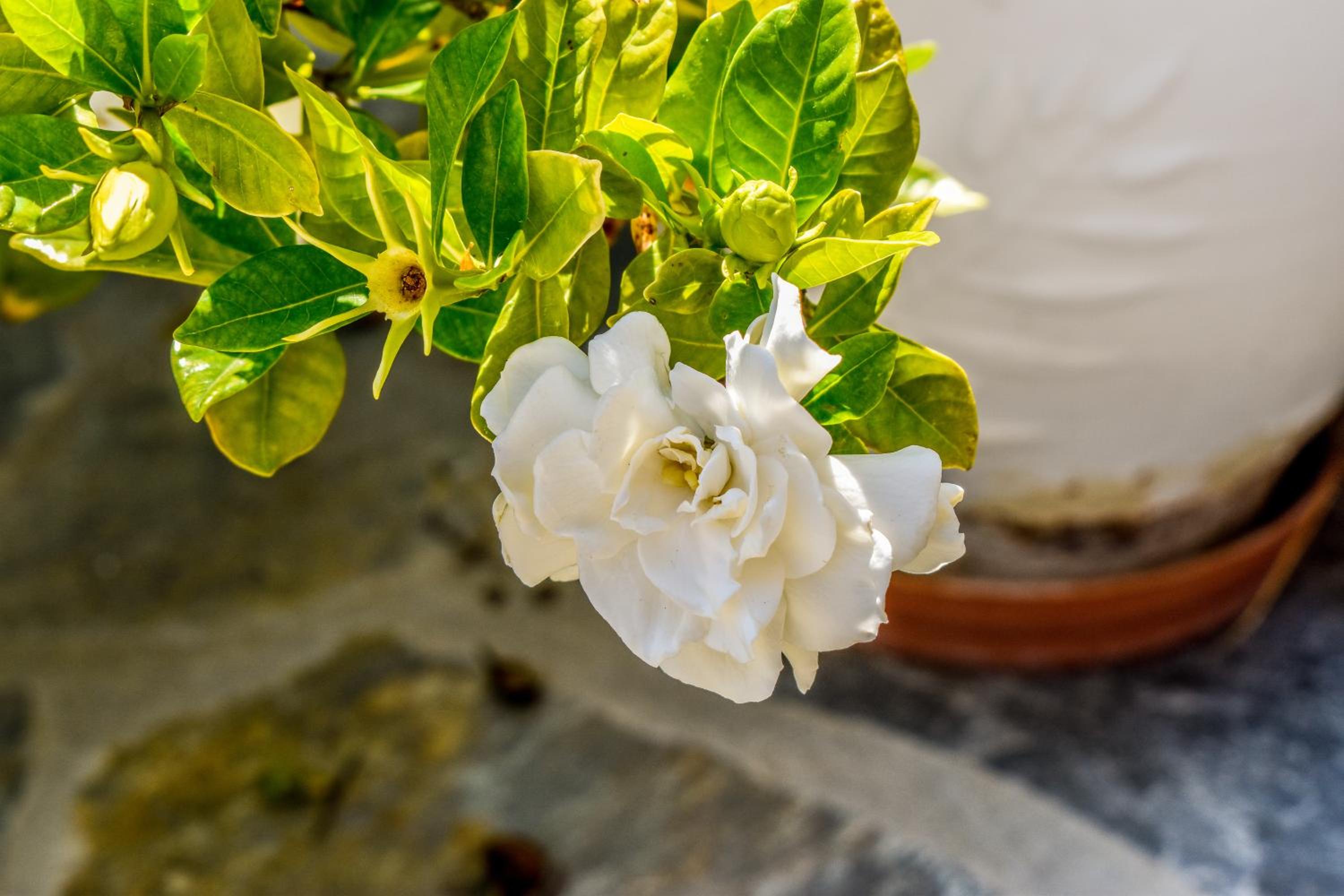 Фото Villa L&m Skiathos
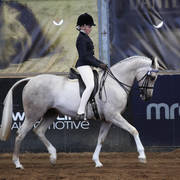 2nd Australian Arabian Youth National Championships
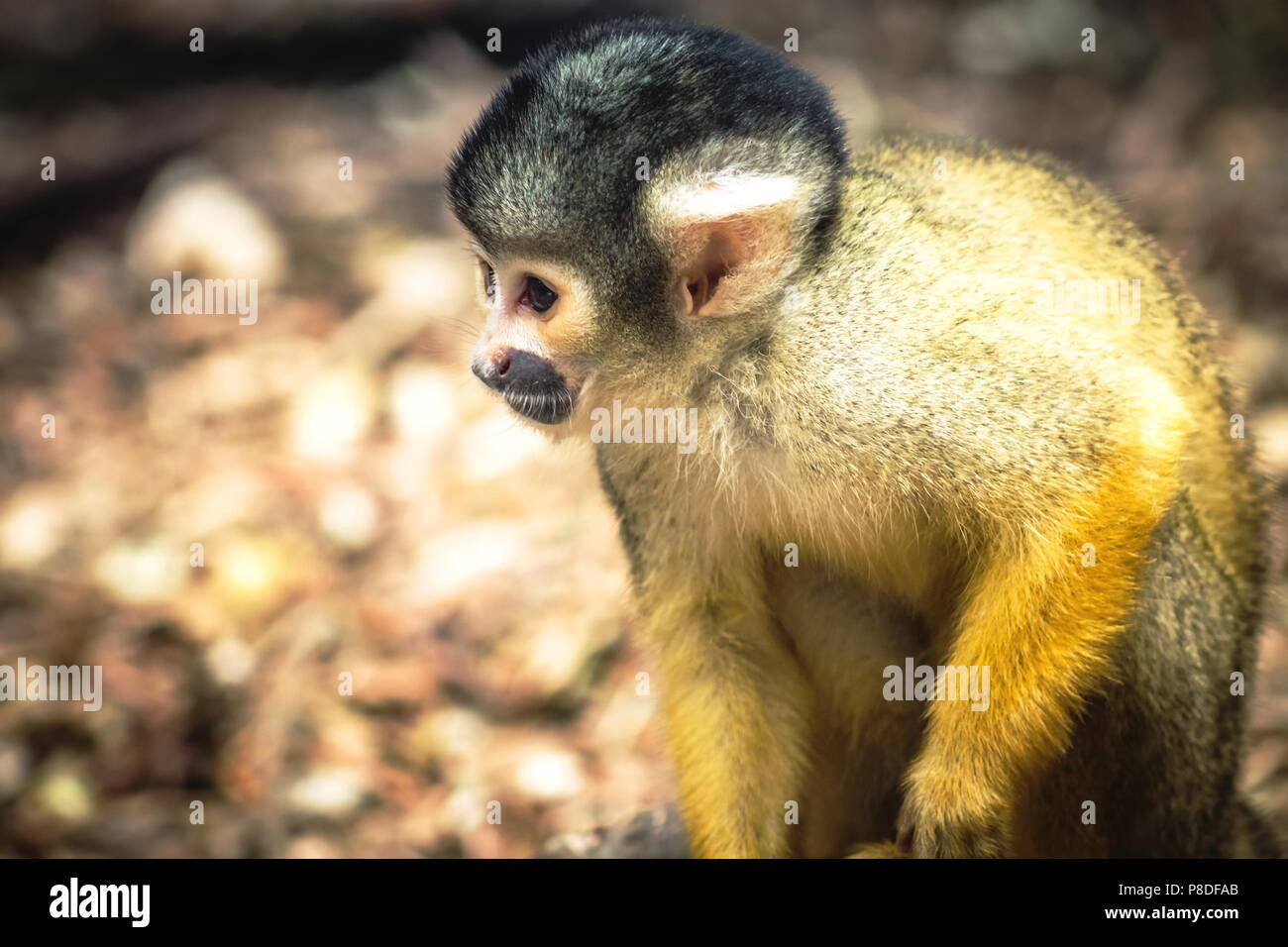 Il nero-capped Scimmia di scoiattolo (Saimiri boliviensis) è un sud americana di Scimmia di scoiattolo, trovati in Bolivia, Brasile e Perù. Foto Stock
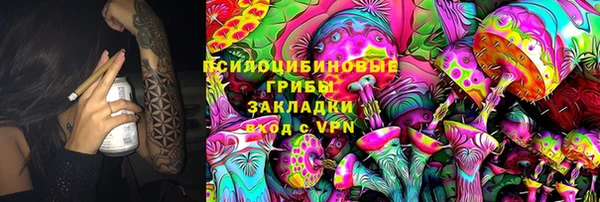 гашик Богородицк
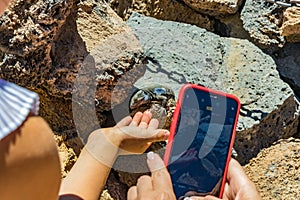 Canary lizard - Gallotia galloti is resting on volcanic lava stone. Reptile stares at the palm of man who takes pictures on the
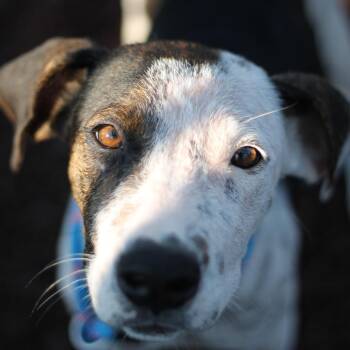 Callie -  Hound and Mixed Breed Dog for Adoption in Greenville, South Carolina - Callie | PetCurious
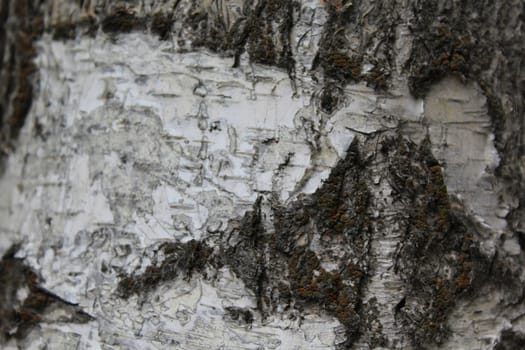 Birch bark natural texture natural background.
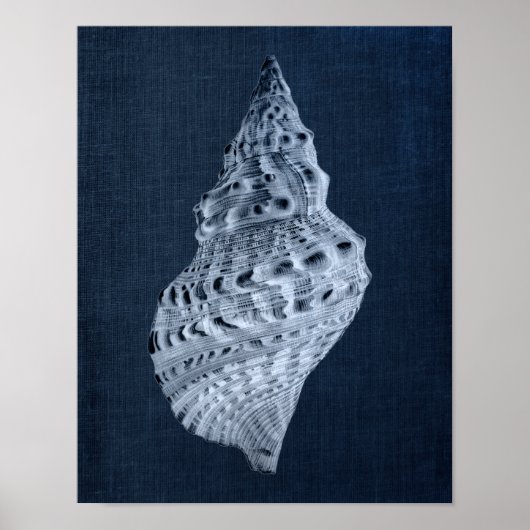 Navy Seashells Print no 1 Beach Decor Wall Art (Voorkant)
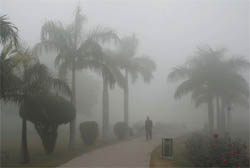 Dense fog in Bathinda on Staurday.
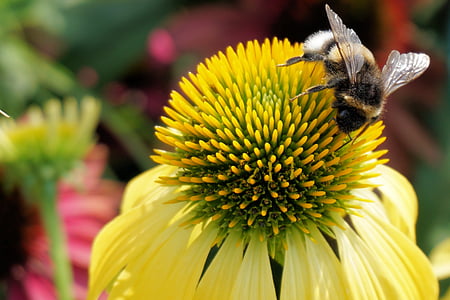 bumble bee perching on yellow flower in close-up photography thumbnail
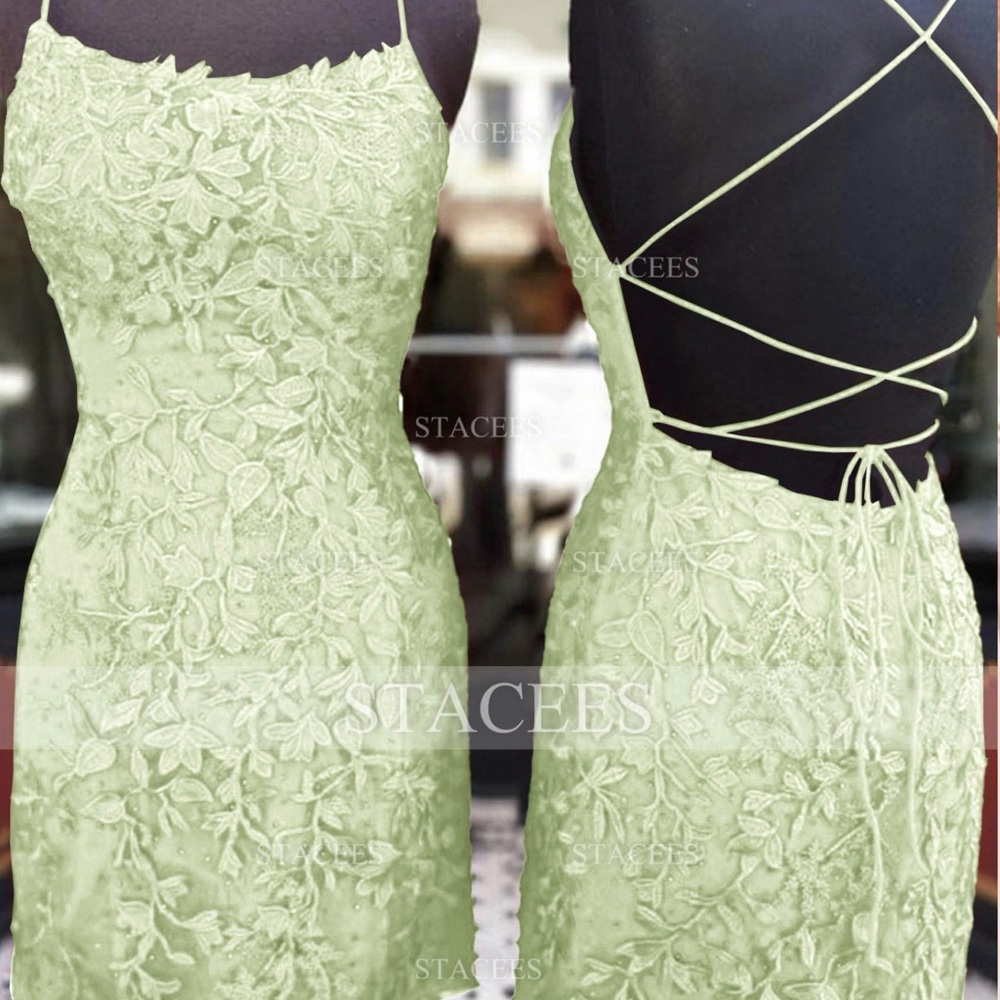 Floral Embroidered Mini Dress in Sage Green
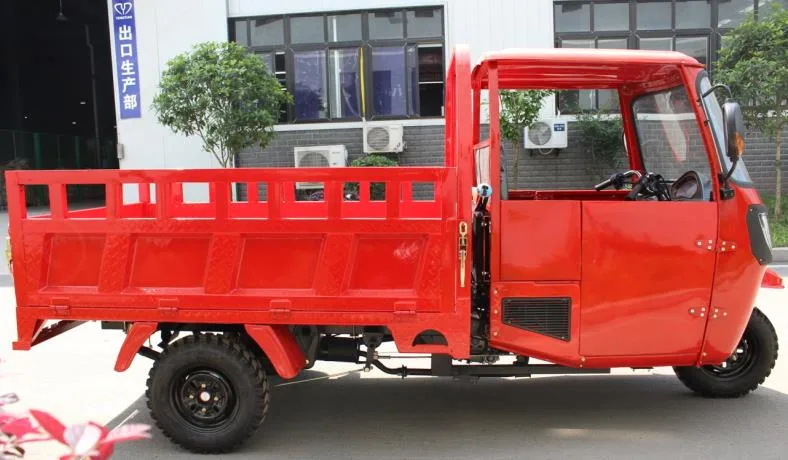 China Manufacture Big Carriage High Quality Carry Cargo Gas Motorized Adult Tricycle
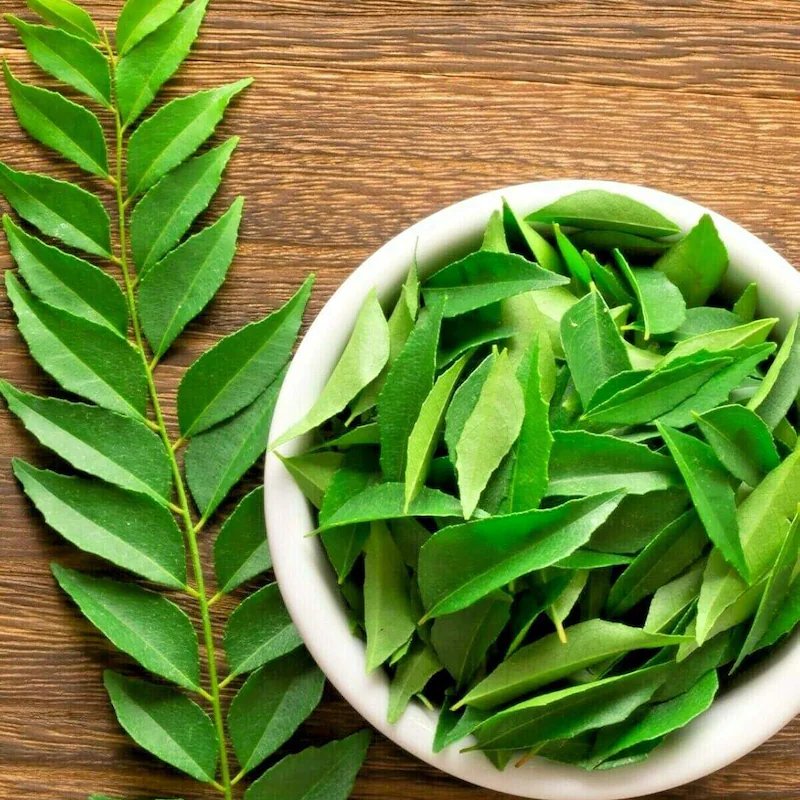 Curry Leaf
○ ○ ○ ○ ○
◆ Task: Please retype the whole of the data precisely, omitting pictures.

◆ Reply:
 Фото Villa L&m Skiathos
 2nd Australian Arabian Youth National Championships
 Il nero-capped Scimmia di scoiattolo (Saimiri boliviensis) è un sud americana di Scimmia di scoiattolo, trovati in Bolivia, Brasile e Perù. Foto Stock
 гашик Богородицк
 Canary lizard - Gallotia galloti is resting on volcanic lava stone. Reptile stares at the palm of man who takes pictures on the
 Callie -  Hound and Mixed Breed Dog for Adoption in Greenville, South Carolina - Callie | PetCurious
 Birch bark natural texture natural background.
 Navy Seashells Print no 1 Beach Decor Wall Art (Voorkant)
 Dense fog in Bathinda on Staurday.
 bumble bee perching on yellow flower in close-up photography thumbnail
 Floral Embroidered Mini Dress in Sage Green
 China Manufacture Big Carriage High Quality Carry Cargo Gas Motorized Adult Tricycle
 Curry Leaf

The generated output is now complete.